> [PROBLEM DETAILS] Transcribe the whole listing below. Pictures do not go in the copy.

> [MATERIAL PROVIDED]
※

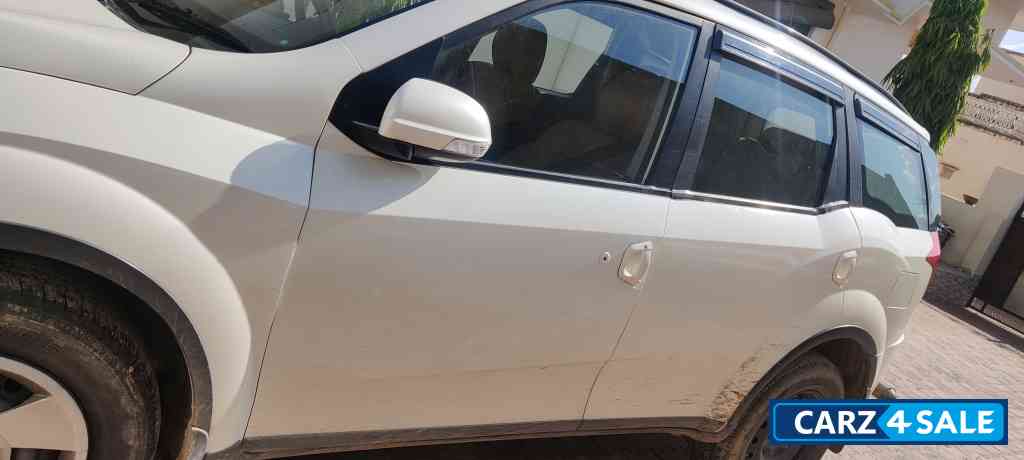 Perl White Mahindra XUV 500 w7 AT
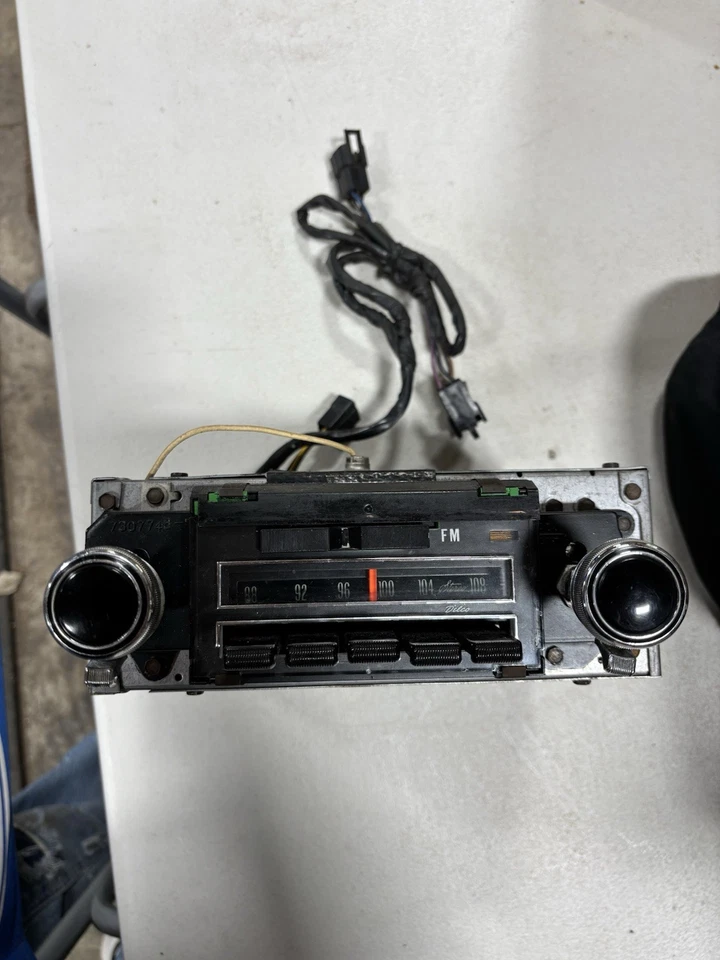 1970 70 Chevrolet Chevelle Malibu SS FACTORY AM FM Stereo Radio.  Watch Video - Image 2 of 4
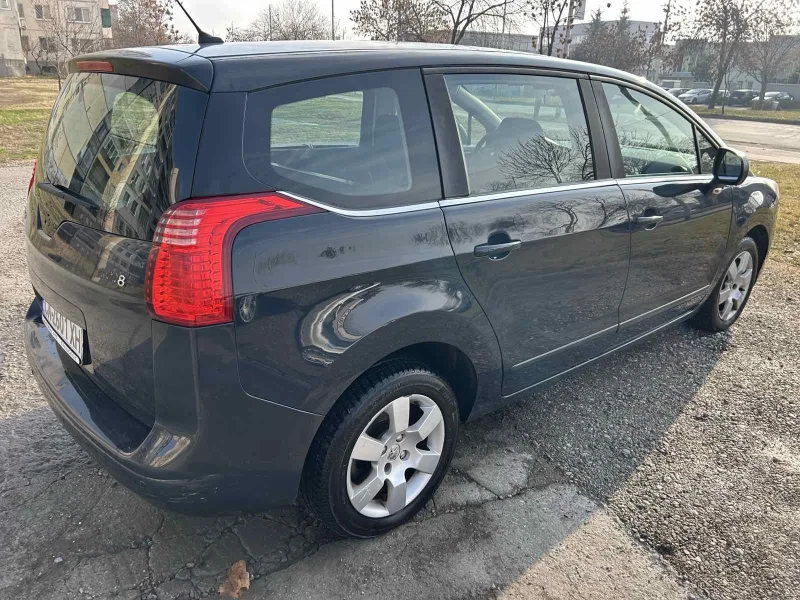 Peugeot 5008, снимка 16 - Автомобили и джипове - 48445060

※

> [COMPLETED TASK]
 Perl White Mahindra XUV 500 w7 AT
 1970 70 Chevrolet Chevelle Malibu SS FACTORY AM FM Stereo Radio.  Watch Video - Image 2 of 4
 Peugeot 5008, снимка 16 - Автомобили и джипове - 48445060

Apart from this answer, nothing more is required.